-34 反撃

 トロックはサモティと仲間たちと共に、大きく迂回して目的の場所へと辿り着いた。その後仲間たちと十分に話し合って、出来る限り人間の国に近づくことにした。

 一通り行動指針が決まったところで、離れたところに一人でいたサモティにトロックが近づいた。



「サモティ、俺たちは出来る限り人間の国に近づこうと思う。人間が神の力を失った後、出来るだけ早く干渉したいからな。君はどうする?」


「私も付いていく。カイトが出来るだけ私に気が付きやすいようにしたいから」


「そういえば探知できると言っていたな。近づかなければ分からないものなのか?」


「分からない。カイトが私の中にある神器を見つけたのは、私たちの前で理性を失って人間を殺していた時だって言ってた」



 トロックの脳裏に、かつての景色がよぎった。

 全身を変色させて、笑みを浮かべながら人間を殺しに向かう様は忘れようと思っても忘れられるものではない。何より、その時の出来事がトロックが仲間を集めるきっかけとなったのだ。サモティを軟禁していた集落の者たちが、一番最初にトロックの仲間になった。よくトロックの傍にいるエルフのミリィもその一人だ。
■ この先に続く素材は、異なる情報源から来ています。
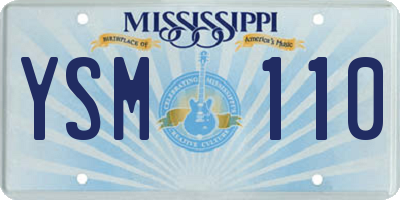 MS license plate YSM110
「そうなのか。確かに、あの時はそれ程距離が離れているわけではなかったな。分かった、では一緒に人間の国に向かって進もう。念のために、俺たちの集団からは少し離れた後方を付いてきてくれ。何かあれば方向転換してすぐに逃げて貰って構わない」


「うん、そうする」



 その後、トロックは仲間と共に人間の国へ向かって歩みを進め、サモティは言われた通りその少し後ろを歩いた。時々適当な動物を殺して食べて、歩いて、眠るだけの生活。時々殺意のようなものを向けられたとしても、今のサモティにとってそんなものはどうでも良かった。それ以上の不安と寂しさが胸の奥から込み上げてきていたからだ。



(神様が復活したら、カイトは居なくなるのかな……)



 ずっと一人でいたことに寂しさなんて感じなかった。それは物心が付いた頃から一人で、それが当たり前だと思っていたからだ。しかし、カイトに付いていくことを決めてからは一人ではない時間を多く過ごした。サモティの心は、既に一人でいることに耐えられなくなりかけている。

 カイトはティルノアとの会話の中で、神の復活と同時に死ぬかもしれないと言っていた。
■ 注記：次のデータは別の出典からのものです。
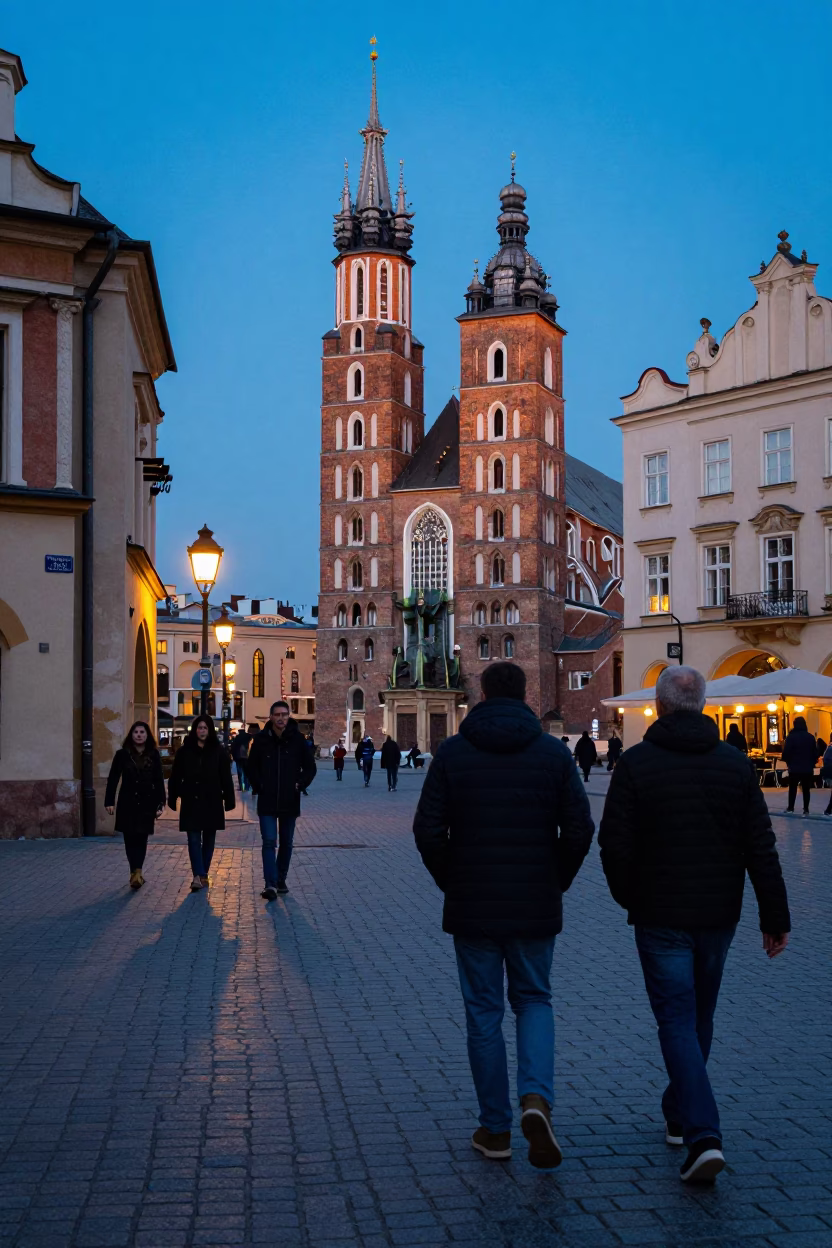 Evening Street Scene in Krakow Poland with Vintage Details and Local Life in in Krakow, Poland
 一人で軟禁されていた時は選択肢が無かったから、未来への不安など感じたことも無かった。しかし、神の復活が成された後にどうするかは自由だ。漠然と外の世界に出てみたいという思いはあったが、その先のことなど考えていなかった。

 生まれて初めて選択肢を作る権利を与えられ、サモティは何をすれば良いのか分からなくなっていた。分かるのはカイトと共に過ごした時間が楽しかったことと、それが長く続かないかもしれない事だけだ。



(私、何がしたいんだろう……)



 サモティは、ふとトロック達の方へと視線を向けた。

 彼ら彼女らは仲間内で談笑に花を咲かせていた。あんな風に笑い合えれば楽しいだろうなと思うと同時に、あの中では笑えないだろうなとサモティは思った。サモティには命を懸けてまで何かを成そうとは思えないし、他人を殺すことを楽しんだりは出来ない。本質的な何かが違っている者と、何かを共有、共感することなど出来る気がしなかった。
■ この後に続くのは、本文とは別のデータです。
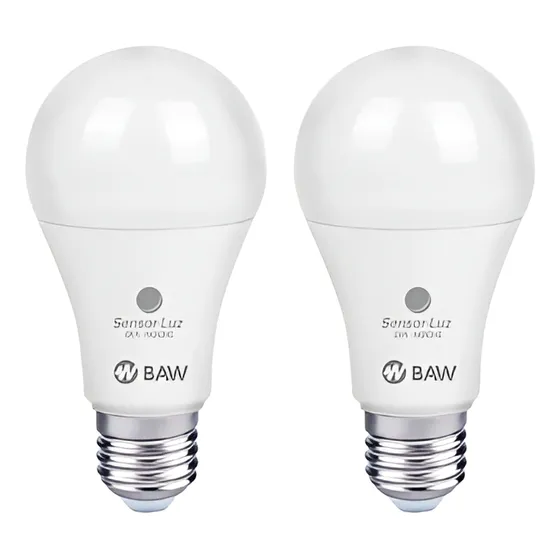 Combo X2 Lampara Sensor Luz Dia Y Noche Blanco Frío E27 Baw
(私も人間を殺したいほど憎んでいたら、あの輪の中に入れたのかな)



 ふと、サモティはカイトが他人へ向けていた何かを羨むような視線を思い出した。サモティはずっとその意図が分からなかったが、ここに来て初めて分かった気がした。





 カイトは念のため、木に付けた傷の数を数える。四本の縦線と、それを遮る様に引かれた一本の斜線。それが十二個並んでいる。間違いが無ければ、今日がトロックと約束した日のはずだ。

 もしかしたら、今日このまま死んでしまうかもしれない。

 そう思ってもみても、カイトに悲壮感は無かった。寧ろ、ようやくここまで来たと言う達成感と、想定よりも早く事が進んだことに対する喜びを感じていた。



「これでようやく終わりか」



 カイトは一歩、また一歩と人間の国へと近づいていく。

 自分の理性を覆いつくしてしまう理性が、少しだけ心地よく感じた。